First, I deplore the way that many evangelicals (particularly those in the conservative circles I run in) belittle Christianity Today. I’ve heard the jokes: Christianity Astray, Capitulation Today etc. Some dismiss CT as if the magazine never takes strong stands based on solid biblical reflection.
I have critiqued CT articles from time to time, but I don’t join the chorus of constant CT-critics. Generally speaking, the issues I sometimes have with CT’s coverage tend to be issues I have with the prevailing sentiments of evangelicalism. CT provides a snapshot of the para-church big-tent wing of evangelicalism, a tent that encompasses Christians with different views on a number of important issues. If I were to agree with everything I read in CT, I would no longer be reading the type of publication that CT seeks to be: an evangelical magazine that speaks from and to village-green evangelicalism.
Enough with that. Now, on to the cover story.
When I first heard about CT doing this profile, I thought, It’s about time! Albert Mohler is highly influential in a number of circles that are, in turn, highly influential for evangelicals. When you put these different circles together, you realize just how much influence Mohler exerts. Three circles stand out:
- The Southern Baptist Convention. (He is a denominational strategist who played an important role in the the Great Commission Resurgence, not to mention the fact that he casts the vision for the Convention’s mother seminary).
- The Religious Right. (Though he eschews the term “culture warrior” and is more nuanced than the typical voices in conservative politics, his cultural analysis is very popular. He has become a sort of spokesman for this wing of evangelical thought.)
- The Reformed Resurgence. (Through his leadership in Together for the Gospel, the Gospel Coalition, and his well-known Reformed theology, he has carved out a role as a guide to young Reformed types seeking church and cultural renewal.)
Looking at Mohler from the perspective of the Reformed Resurgence, the Religious Right, and the Southern Baptist Convention reiterates his status as a mover and shaker for evangelicals. In many ways, he resembles one of his mentors, Carl F.H. Henry. Speaking of Henry, the most ironic part of CT’s cover story is that it paints Mohler as being outside the mainstream of evangelicalism for his complementarian and inerrantist views when, in fact, it is Mohler (and not CT) who is carrying the mantle of former CT editor Carl Henry on these and other issues.
Worthen’s profile of Mohler is not condemnatory. She carefully presents his views on many issues. The best parts of the article are when Worthen is quoting Mohler or summarizing their conversations.

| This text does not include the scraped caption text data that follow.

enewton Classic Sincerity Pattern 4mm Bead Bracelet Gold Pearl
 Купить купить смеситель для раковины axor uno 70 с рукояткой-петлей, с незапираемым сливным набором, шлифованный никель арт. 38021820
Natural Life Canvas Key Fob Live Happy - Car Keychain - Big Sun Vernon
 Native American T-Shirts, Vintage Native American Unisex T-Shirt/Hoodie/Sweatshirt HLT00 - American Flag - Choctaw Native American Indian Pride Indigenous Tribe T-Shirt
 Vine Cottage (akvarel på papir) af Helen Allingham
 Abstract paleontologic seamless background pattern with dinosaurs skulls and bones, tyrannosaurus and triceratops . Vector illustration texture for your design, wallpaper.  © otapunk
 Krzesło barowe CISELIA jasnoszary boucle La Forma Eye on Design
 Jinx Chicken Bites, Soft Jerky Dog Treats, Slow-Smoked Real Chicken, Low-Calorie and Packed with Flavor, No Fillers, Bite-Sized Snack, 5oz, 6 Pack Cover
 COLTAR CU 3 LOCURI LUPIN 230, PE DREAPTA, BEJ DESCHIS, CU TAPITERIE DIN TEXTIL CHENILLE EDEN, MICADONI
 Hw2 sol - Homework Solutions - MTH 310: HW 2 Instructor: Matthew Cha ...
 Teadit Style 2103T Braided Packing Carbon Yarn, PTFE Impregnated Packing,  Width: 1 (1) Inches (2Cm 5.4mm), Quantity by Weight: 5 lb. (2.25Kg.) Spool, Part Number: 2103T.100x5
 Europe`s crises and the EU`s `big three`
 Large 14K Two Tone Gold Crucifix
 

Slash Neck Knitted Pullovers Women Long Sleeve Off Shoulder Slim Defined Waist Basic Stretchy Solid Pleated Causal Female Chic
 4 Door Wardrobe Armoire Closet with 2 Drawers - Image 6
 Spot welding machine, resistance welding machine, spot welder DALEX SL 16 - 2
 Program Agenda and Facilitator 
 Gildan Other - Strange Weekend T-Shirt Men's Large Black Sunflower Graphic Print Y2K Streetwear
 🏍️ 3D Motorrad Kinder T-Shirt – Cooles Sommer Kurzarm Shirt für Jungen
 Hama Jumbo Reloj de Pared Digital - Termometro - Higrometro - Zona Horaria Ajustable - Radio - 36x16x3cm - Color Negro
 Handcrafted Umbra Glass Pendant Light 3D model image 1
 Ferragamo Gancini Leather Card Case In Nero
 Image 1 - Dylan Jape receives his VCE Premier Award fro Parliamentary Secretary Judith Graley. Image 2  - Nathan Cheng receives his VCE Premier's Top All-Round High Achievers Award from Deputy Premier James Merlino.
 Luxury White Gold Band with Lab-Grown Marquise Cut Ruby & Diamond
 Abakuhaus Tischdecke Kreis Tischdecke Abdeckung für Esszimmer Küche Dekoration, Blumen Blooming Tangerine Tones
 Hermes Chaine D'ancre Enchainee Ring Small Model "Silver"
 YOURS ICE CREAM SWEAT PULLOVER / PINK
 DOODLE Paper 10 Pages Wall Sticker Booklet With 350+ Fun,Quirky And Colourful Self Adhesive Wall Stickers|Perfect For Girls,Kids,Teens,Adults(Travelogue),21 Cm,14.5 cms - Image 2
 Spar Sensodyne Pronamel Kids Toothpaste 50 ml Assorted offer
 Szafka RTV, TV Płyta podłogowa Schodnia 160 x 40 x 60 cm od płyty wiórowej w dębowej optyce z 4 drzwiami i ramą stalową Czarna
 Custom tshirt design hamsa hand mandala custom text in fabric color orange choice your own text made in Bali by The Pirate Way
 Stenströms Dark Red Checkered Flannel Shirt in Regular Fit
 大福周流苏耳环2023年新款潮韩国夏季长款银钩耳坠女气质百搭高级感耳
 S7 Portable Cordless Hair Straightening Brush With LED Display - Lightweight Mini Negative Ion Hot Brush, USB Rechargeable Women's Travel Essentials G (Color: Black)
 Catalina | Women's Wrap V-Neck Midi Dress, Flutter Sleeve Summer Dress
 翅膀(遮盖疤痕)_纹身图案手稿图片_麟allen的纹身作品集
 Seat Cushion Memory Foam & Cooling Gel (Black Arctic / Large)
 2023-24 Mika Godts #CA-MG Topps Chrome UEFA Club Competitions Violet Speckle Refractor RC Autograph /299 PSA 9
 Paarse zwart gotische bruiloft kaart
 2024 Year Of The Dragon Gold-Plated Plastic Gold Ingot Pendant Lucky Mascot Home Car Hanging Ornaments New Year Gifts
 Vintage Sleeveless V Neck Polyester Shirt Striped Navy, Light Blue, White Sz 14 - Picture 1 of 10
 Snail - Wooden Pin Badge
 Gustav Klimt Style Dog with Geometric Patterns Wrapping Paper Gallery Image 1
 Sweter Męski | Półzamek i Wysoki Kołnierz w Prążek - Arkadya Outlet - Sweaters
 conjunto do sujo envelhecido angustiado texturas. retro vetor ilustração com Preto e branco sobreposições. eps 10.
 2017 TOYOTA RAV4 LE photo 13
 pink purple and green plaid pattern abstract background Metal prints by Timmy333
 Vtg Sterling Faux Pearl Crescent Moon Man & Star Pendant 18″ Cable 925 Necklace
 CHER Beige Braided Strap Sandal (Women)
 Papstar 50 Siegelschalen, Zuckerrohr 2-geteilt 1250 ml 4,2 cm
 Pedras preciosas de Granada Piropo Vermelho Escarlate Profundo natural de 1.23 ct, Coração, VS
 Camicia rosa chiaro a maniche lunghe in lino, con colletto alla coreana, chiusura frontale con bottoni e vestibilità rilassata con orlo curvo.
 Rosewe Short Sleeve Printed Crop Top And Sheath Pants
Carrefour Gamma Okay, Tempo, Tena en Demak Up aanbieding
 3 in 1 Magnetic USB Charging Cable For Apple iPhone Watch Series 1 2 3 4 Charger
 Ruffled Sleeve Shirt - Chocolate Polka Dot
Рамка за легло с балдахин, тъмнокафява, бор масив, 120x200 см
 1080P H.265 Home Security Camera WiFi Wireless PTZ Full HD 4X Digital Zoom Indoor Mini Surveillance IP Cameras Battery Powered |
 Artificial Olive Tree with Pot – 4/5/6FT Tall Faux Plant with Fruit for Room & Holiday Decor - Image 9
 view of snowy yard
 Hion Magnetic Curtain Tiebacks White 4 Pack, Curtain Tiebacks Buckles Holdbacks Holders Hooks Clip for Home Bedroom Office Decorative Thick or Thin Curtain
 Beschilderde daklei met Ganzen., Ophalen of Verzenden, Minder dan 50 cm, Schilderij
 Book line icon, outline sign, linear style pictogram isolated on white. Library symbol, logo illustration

She ably describes the building blocks of Mohler’s vision: for Southern Seminary, for the Southern Baptist Convention, for the conservative political movement, etc. Overall, Worthen’s article is neither a hack job nor a puff piece.
That said, Justin Taylor rightly described the article as “condescending.” The tone is negative at times, and Worthen’s condescension comes out in some of the offhanded remarks she makes in her reporting.
For example, when speaking of Southern Seminary’s current theological outlook, Worthen includes a parenthetical remark:
“As proof of the seminary’s current ‘diversity,’ some faculty protest that they are only four-point Calvinists.”
Her sarcasm aside, Worthen fails to understand the administration’s adherence to the Abstract of Principles, which ensures that all faculty fall in line as at least a moderate Calvinist. Her remark assumes that great theological diversity in a faculty is a virtue, whereas Mohler believes it is more virtuous for the faculty to be faithful to the confessional statement of the seminary founders.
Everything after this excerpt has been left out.